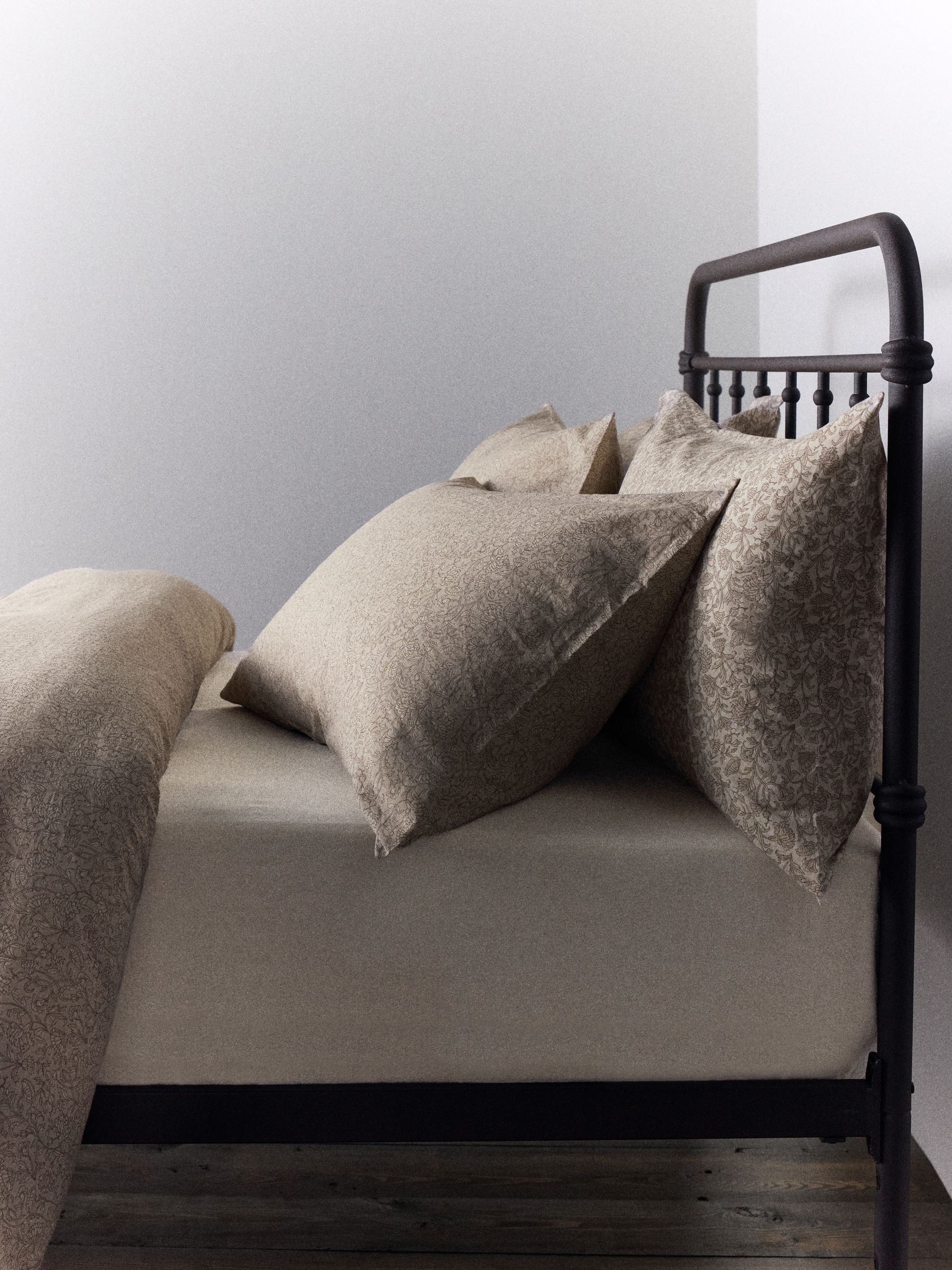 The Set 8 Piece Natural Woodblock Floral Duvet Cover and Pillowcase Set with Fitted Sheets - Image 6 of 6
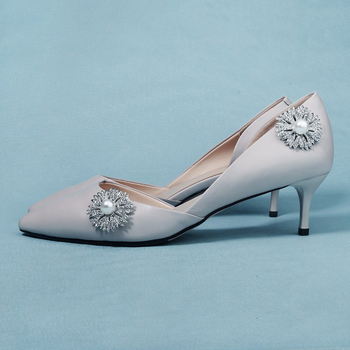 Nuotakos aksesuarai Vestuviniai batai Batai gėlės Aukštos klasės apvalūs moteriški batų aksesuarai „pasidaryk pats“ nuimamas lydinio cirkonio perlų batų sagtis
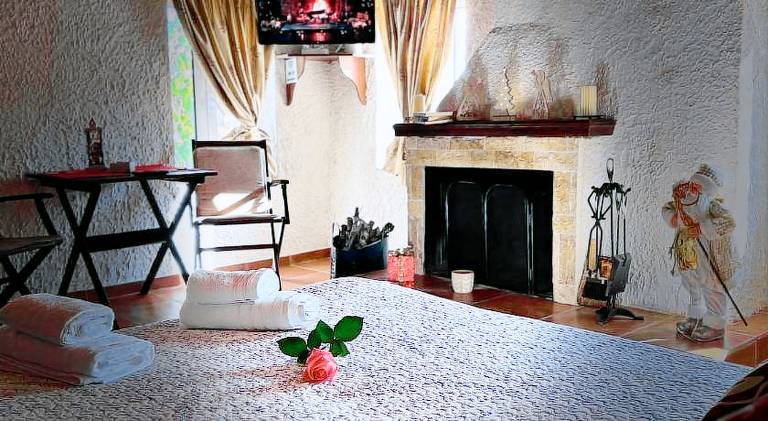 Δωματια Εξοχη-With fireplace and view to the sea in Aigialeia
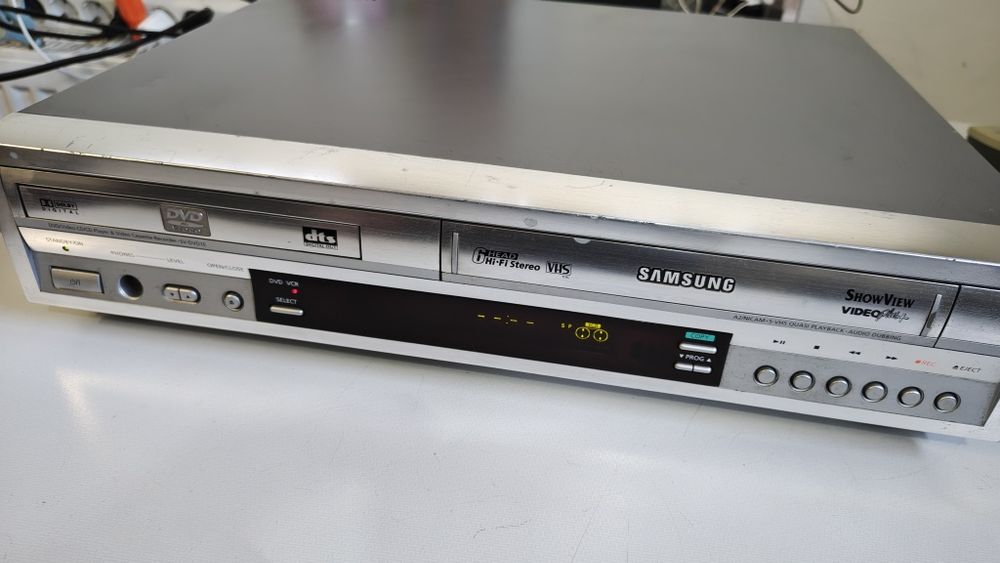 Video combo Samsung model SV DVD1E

■ ■ ■ ■

**Aim of the task:** Copy the listing in full and without alteration, omitting every picture.

**Reply to the exercise:**
 The Set 8 Piece Natural Woodblock Floral Duvet Cover and Pillowcase Set with Fitted Sheets - Image 6 of 6
 Nuotakos aksesuarai Vestuviniai batai Batai gėlės Aukštos klasės apvalūs moteriški batų aksesuarai „pasidaryk pats“ nuimamas lydinio cirkonio perlų batų sagtis
 Δωματια Εξοχη-With fireplace and view to the sea in Aigialeia
 Video combo Samsung model SV DVD1E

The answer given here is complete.